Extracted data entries
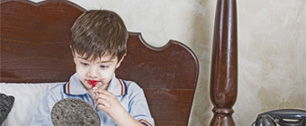 Картинка Что делать, если ваш сын начал красить губы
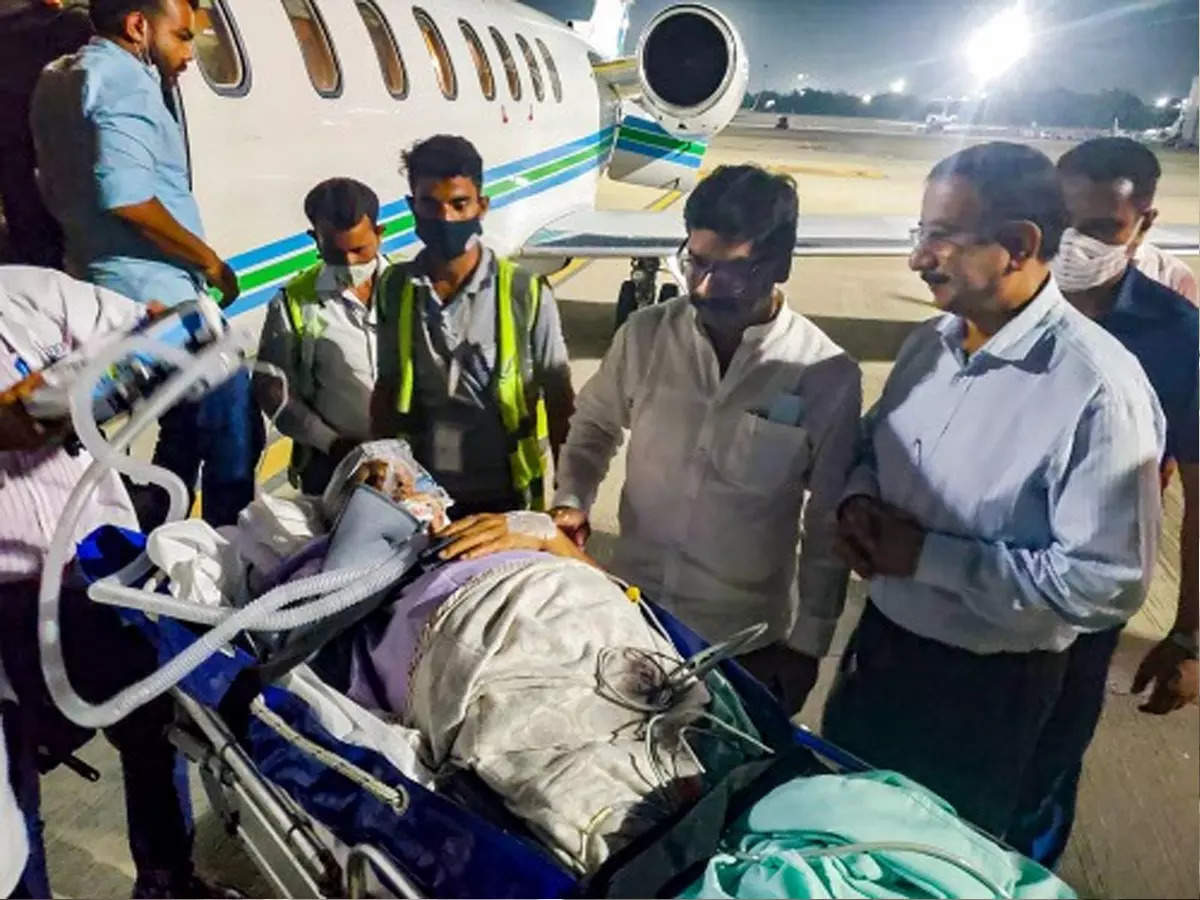 বাবাকে বাঁচাতে  কিডনি দেবেন মেয়ে রোহিণী,দুশ্চিন্তায় লালুর পরিবার 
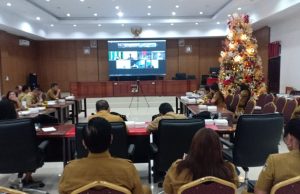 Pj Bupati Minahasa Ikuti Rakor TPID Via Zoom Meeting Bersama Mendagri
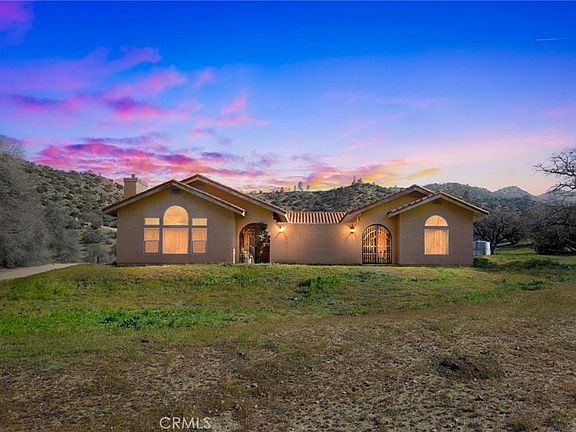 2nd image of 11701 Back Canyon Rd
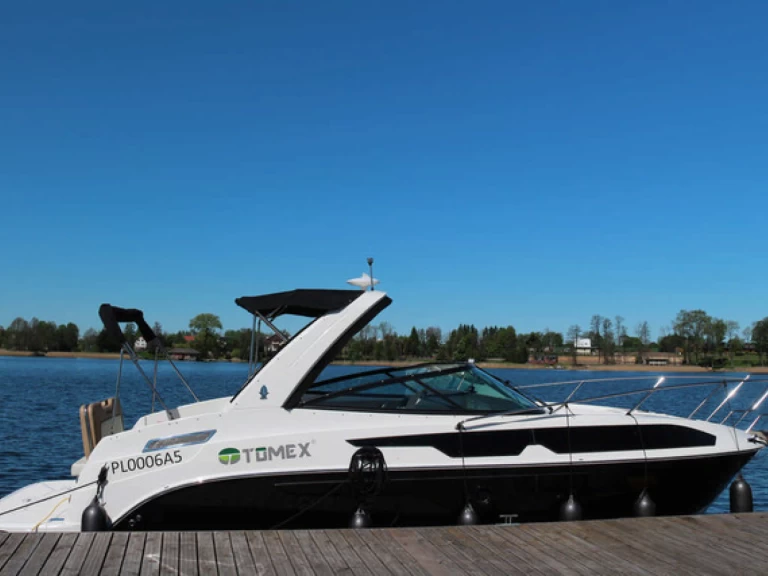 Barca a motore a noleggio a Górkło al miglior prezzo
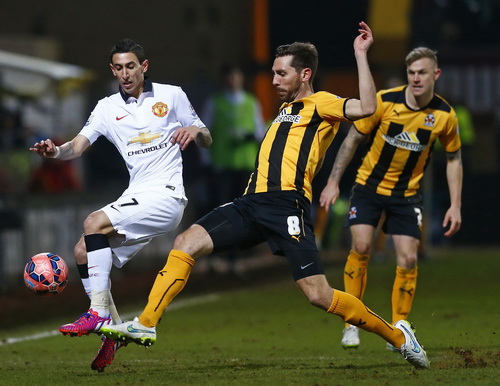 M.U bị cầm chân ở Cambridge, HLV Van Gaal nổi xung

• **WORK TO COMPLETE**
Word for word, write out each line from the one with "বাবাকে বাঁচাতে  কিডনি দেবেন" through the end of the entries above, and omit any pictures.

• **ANSWER TO THE PROBLEM**
 বাবাকে বাঁচাতে  কিডনি দেবেন মেয়ে রোহিণী,দুশ্চিন্তায় লালুর পরিবার 
 Pj Bupati Minahasa Ikuti Rakor TPID Via Zoom Meeting Bersama Mendagri
 2nd image of 11701 Back Canyon Rd
 Barca a motore a noleggio a Górkło al miglior prezzo
 M.U bị cầm chân ở Cambridge, HLV Van Gaal nổi xung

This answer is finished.